■ **Task brief**
From the entries below, gather every line containing the string "with".

Data for processing section start

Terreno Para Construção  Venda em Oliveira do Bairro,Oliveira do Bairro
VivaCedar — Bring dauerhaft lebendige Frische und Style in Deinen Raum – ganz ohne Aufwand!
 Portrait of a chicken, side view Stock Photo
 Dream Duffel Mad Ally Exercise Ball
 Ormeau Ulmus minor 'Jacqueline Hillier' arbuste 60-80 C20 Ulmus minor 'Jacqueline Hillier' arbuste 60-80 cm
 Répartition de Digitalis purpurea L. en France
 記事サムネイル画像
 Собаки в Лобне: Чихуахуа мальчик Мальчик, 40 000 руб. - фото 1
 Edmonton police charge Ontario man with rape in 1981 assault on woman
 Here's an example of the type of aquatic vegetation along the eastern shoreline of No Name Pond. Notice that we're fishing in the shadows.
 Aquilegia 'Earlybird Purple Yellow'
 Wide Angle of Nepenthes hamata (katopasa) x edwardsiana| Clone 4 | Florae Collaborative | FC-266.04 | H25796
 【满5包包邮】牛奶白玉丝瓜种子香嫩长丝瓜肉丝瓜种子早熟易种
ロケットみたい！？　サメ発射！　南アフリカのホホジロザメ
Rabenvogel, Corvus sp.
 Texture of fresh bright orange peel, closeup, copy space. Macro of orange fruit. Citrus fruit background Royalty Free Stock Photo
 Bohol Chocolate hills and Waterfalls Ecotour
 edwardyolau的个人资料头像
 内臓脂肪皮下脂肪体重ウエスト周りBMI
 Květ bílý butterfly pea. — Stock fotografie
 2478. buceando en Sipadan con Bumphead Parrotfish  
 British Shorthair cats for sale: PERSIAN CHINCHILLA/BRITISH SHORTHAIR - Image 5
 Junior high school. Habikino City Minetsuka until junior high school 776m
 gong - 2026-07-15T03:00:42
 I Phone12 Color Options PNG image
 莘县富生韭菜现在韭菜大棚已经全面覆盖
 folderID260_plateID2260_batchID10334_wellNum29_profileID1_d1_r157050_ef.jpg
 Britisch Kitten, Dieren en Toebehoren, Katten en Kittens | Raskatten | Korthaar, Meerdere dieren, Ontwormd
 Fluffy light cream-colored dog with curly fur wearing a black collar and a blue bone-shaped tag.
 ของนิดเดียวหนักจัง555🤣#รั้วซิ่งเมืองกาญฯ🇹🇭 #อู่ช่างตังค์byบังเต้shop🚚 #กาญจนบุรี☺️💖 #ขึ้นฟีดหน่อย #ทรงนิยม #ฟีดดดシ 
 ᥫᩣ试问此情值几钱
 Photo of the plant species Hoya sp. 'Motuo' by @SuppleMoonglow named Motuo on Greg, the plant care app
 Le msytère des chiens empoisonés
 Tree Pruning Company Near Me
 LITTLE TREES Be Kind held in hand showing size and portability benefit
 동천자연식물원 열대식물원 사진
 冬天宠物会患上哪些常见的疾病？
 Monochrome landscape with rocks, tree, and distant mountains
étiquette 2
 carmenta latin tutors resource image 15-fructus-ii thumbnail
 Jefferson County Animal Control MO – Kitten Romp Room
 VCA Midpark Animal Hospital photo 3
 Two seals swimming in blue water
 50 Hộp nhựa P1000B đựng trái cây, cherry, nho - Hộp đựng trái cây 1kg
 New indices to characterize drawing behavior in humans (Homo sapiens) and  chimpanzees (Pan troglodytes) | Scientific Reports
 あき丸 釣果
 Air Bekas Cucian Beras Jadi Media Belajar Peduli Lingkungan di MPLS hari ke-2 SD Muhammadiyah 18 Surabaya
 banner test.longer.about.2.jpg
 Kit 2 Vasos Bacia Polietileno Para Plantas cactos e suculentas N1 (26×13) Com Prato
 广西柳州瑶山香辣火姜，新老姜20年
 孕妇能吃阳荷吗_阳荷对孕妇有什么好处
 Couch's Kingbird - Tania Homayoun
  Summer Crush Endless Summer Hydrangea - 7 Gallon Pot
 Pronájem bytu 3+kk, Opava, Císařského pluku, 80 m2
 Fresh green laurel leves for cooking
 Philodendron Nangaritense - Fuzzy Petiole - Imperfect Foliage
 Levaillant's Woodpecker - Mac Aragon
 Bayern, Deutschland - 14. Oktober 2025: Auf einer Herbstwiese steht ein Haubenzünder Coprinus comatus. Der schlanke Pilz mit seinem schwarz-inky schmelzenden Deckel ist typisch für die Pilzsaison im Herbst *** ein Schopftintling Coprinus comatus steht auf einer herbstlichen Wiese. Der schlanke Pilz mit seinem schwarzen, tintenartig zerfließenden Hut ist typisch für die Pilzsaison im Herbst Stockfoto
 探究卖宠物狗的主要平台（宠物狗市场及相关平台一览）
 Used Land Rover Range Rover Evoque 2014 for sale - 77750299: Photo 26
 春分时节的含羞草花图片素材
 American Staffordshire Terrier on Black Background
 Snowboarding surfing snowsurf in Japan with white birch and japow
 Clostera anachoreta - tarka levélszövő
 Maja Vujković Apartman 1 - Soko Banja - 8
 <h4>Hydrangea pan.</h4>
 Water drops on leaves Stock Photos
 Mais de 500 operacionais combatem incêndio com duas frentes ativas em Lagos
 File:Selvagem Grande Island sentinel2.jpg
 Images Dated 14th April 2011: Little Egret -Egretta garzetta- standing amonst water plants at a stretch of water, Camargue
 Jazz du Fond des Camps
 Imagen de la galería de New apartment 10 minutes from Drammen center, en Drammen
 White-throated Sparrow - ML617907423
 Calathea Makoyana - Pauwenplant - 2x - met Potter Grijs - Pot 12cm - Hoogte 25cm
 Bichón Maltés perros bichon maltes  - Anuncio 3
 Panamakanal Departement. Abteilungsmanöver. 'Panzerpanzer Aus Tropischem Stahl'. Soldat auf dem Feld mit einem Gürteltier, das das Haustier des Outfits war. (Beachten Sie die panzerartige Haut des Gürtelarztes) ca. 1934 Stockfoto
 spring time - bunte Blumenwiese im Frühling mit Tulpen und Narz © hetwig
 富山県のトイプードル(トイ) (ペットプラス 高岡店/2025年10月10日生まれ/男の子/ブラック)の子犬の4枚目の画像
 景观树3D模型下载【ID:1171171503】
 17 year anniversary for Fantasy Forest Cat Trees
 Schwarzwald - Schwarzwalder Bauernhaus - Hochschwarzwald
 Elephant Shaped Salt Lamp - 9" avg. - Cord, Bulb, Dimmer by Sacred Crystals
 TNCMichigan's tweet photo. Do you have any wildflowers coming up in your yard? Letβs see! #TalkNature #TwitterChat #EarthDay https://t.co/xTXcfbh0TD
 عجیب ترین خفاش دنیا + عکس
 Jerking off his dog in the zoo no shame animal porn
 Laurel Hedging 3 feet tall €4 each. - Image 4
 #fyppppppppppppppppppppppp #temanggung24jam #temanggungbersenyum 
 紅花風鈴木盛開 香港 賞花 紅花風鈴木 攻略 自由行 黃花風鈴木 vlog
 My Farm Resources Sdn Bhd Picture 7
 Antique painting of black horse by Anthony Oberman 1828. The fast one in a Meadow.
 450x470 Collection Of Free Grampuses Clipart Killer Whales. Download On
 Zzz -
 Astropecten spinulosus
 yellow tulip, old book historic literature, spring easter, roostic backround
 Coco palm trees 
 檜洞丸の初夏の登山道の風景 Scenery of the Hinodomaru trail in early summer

Data for processing section end

■ **Your response**
 Edmonton police charge Ontario man with rape in 1981 assault on woman
 Fluffy light cream-colored dog with curly fur wearing a black collar and a blue bone-shaped tag.
 Monochrome landscape with rocks, tree, and distant mountains
 Snowboarding surfing snowsurf in Japan with white birch and japow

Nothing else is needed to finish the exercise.